Training, equipment, key to US support against Darien migrant smuggling

By Moncho Torres
Panama City, June 16 (EFE).- The head of the United States Southern Command told EFE Friday that the two-month campaign announced in April between Panama, Colombia, and the United States amid the migration crisis in the Darien jungle isn’t over.
“The campaign has not ended”, Gen. Laura Richardson said, after a high-level meeting on Apr. 11 between Colombia, the US and Panama ended in a two-month joint effort to deal with the humanitarian situation in Darien.
Richardson said then that the assembled authorities predicted that once this campaign began, it would “extend for many months,” and even more so when “the successes and progress it is having” are reviewed, for which the countries want to counter border crime in the region.
The Darien jungle, the natural border between Colombia and Panama, is crossed daily by hundreds of migrants on their way to North America, despite the many dangers they face, from swollen rivers and falling hills, to attacks by wild animals or lack of drinking water.
There are also criminals who abuse migrants, committing robbery, rape and murder, a reality that contrasts with the idyllic image of the “walk” through the jungle that traffickers advertise on social media to feed their lucrative business.

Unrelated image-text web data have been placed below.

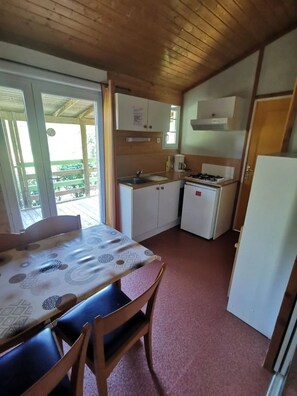 Fridge, microwave, stovetop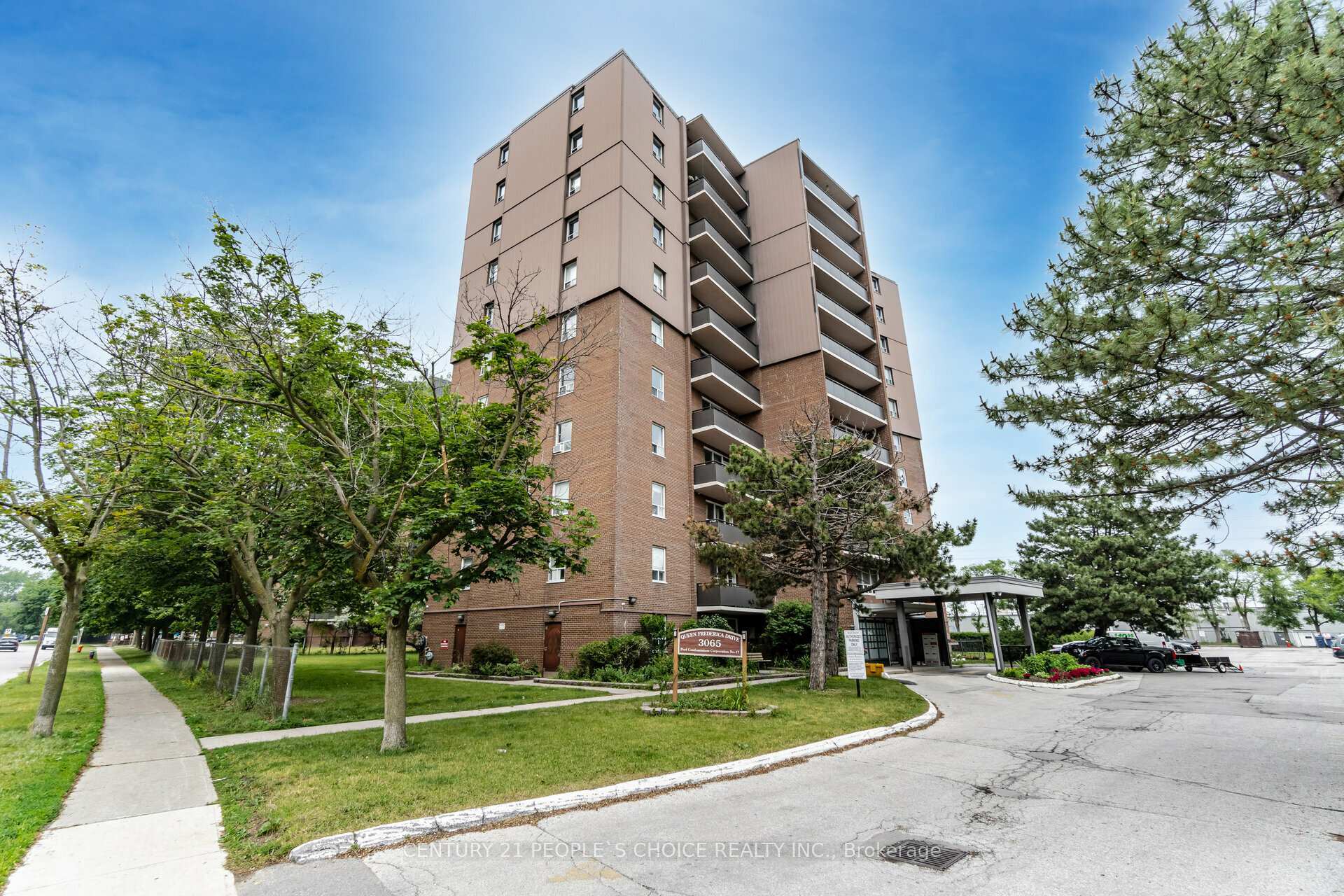 3065 Queen Frederica Drive 205  Mississauga ON L4Y 3A3 photo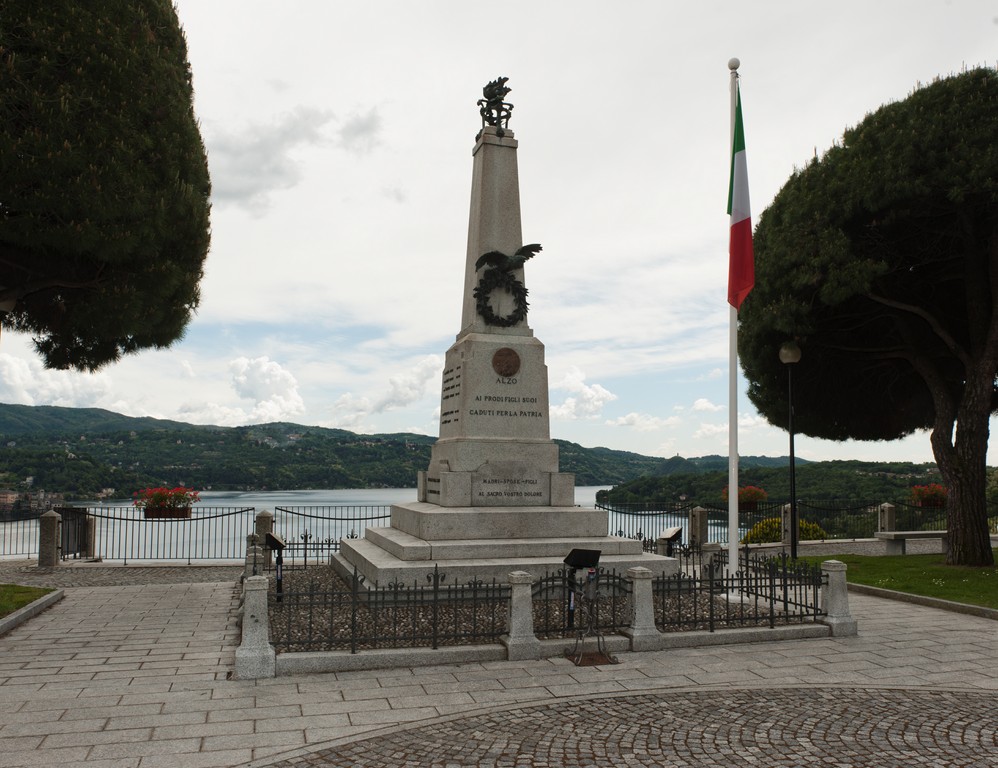allegoria della Vittoria come aquila (monumento ai caduti - ad obelisco) - ambito piemontese (primo quarto sec. XX)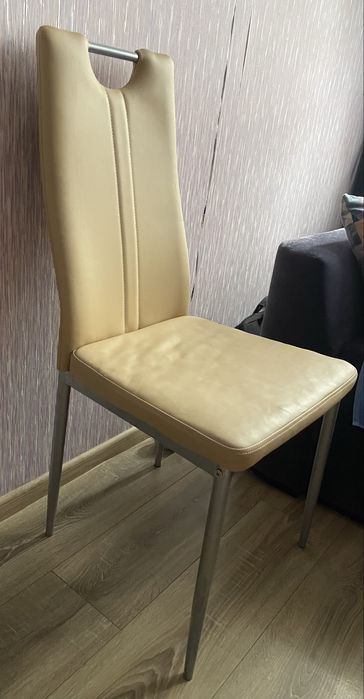Стільці, вживані 7 шт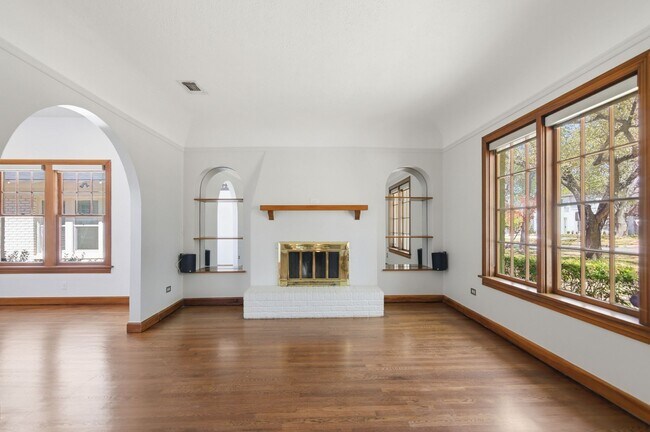 Foto del edificio - 2516 Shirley Ave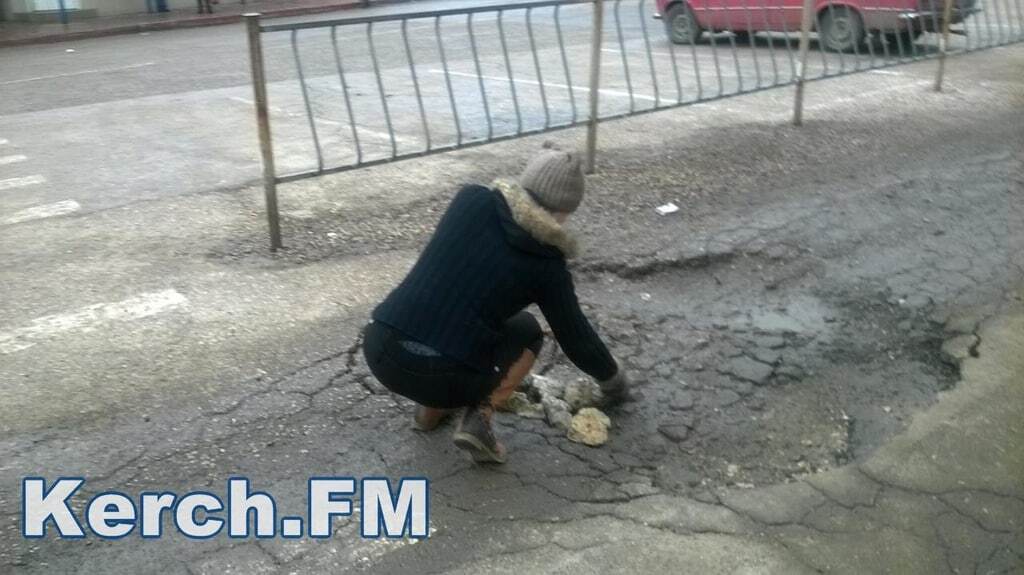 Путин, введи асфальт: в Керчи водитель сама заделала яму на дороге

To put an end to criminal activities in the jungle, coordination between Panama and Colombia is essential, Richardson said, because many times, border troops of both countries do not want to “get too close” to each other, and criminal groups take advantage of that.
Richardson said the support they are providing is above all “the development of institutional capacity, training with the security forces,” a task their teams from the Security Forces and Civil Affairs Assistance Brigade carry out both in Colombia and Panama.
“These are very small teams, we have five teams from the Security Forces Assistance Brigade. Teams of between six and eight members, and our Civil Affairs team,” said the general, adding that their only mission is to “develop their ability.”
They also send equipment. Just last month, the US donated 63 Jeep J8 with their respective maintenance parts, valued at $8 million, for the exclusive use of the National Border Service (Senafront) and the National Aeronaval Service (Senan) of Panama. Richardson said the total now stands at 84.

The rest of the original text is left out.